Inizia a raccontarsi il cuoco «Poi, nonostante il diploma magistrale, nell’estate del ’79, a soli 18 anni, partii per la Costa Smeralda per vivere nel vero mondo della pasticceria. A quei tempi, però, negli alberghi la pasticceria stava scomparendo: si introduceva il congelamento dei prodotti e il pasticcere poteva non essere utile, quindi mi sono avvicinato molto alla cucina».
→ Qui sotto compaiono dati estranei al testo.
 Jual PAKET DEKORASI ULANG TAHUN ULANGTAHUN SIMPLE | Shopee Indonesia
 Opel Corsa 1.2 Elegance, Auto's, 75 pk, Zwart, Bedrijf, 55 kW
Dopo un periodo a Sabaudia e a Latina, Gianni Bove arriva in Toscana nell’estate dell’89. Gli inizi tra i fornelli vengono supervisionati dell’importante chef Carozza, che gli insegnando le basi del mestiere. Da questo momento iniziano gli anni d’oro della sua carriera che lo ha portato a conoscere (e a cucinare per loro) personaggi come Mike Buongiorno. Poi, il sogno americano:
«In America non mi sono trovato bene – ci dice lo chef – lì o investi o trovi qualcuno che investe su di te. Il sogno americano resta, ma io volevo fare qualcosa di mio nel mio Paese».
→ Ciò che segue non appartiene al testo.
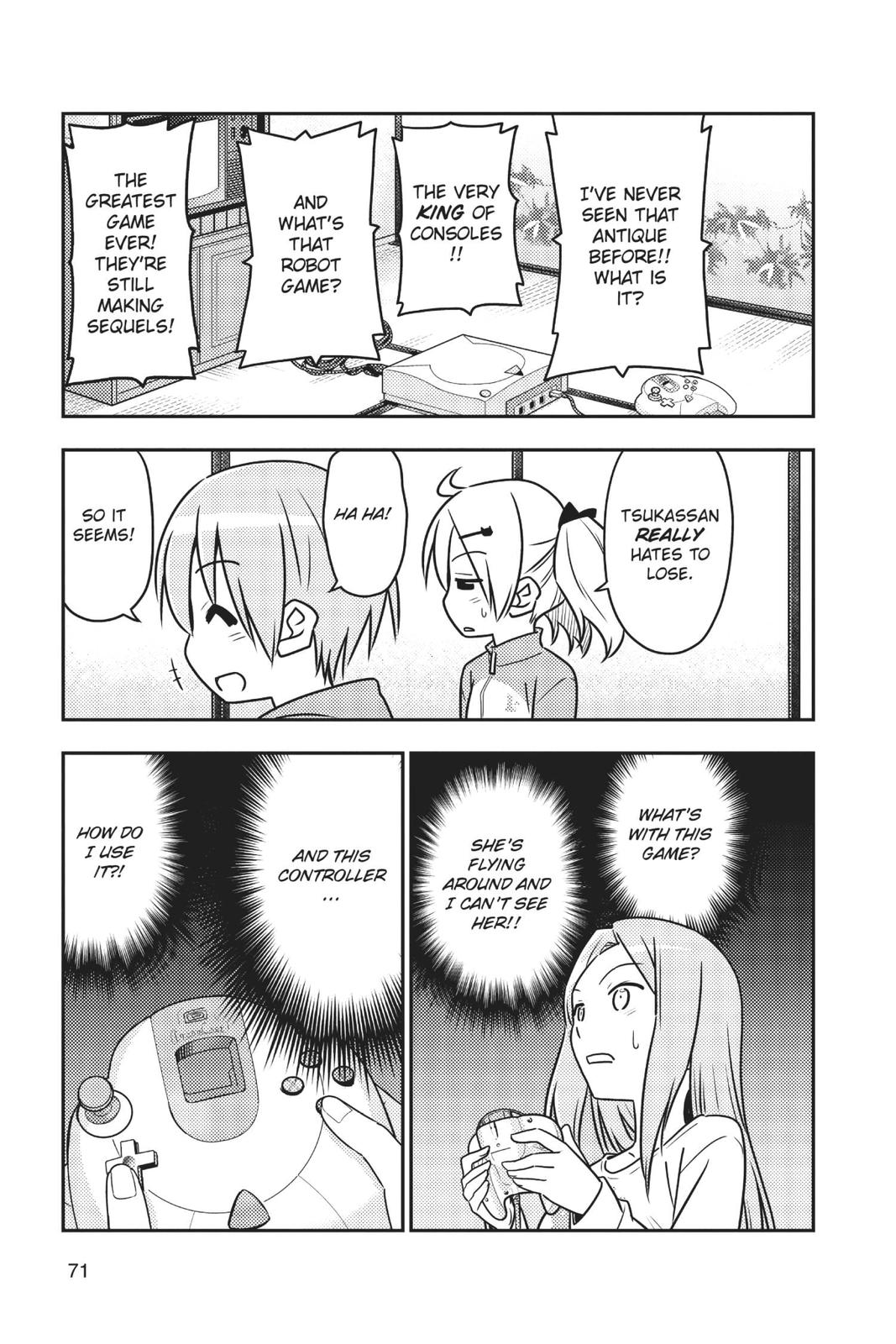 Fly Me to the Moon Chapter 42 - Page 13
E così Bove si ritrova in Svizzera, in un importante albergo di Basilea, per poi arrivare alla proposta di lavoro che ha segnato la sua carriera: all’Hotel Corte di Buttari. «Ho trascorso lì 10 anni, e di inverno avevo le aperture in Svizzera dei vari alberghi per la stessa azienda – ricorda Bove – Durante un’apertura, un ragazzo che lavorava con me mi fece notare che su un taxi era stata impressa una mia fotografia. In quel momento mi sentivo confuso, non volevo farmi riconoscere per strada per imbarazzo. Dopo questi anni in Toscana e in Svizzera, ho deciso di fare solo inaugurazioni e consulenze. Ho visto che il mondo della cucina non è più lo stesso, tutti sembrano essere grandi chef solo in teoria».
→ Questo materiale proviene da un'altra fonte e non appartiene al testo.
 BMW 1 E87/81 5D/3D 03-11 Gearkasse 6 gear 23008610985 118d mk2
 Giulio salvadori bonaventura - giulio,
Anche se ormai chef, cuoco di piatti salati e rustici, la pasticceria è stato il primo amore: «La pasticceria è una passione che non abbandonerò mai, che non finirà. Ma il mio concetto di pasticceria è diverso: io voglio preparare i dolci partendo dalla farina, zucchero e uova a livello grezzo; non voglio utilizzare i prodotti già preparati e chimici. Un consiglio che posso dare ai giovani cuochi è quello di non lasciarsi abbindolare da quel che appare, ma guardare indietro e vedere che cos’è realmente la cucina. Non essere, insomma, un personaggio da programma televisivo, ma un vero e proprio cuoco».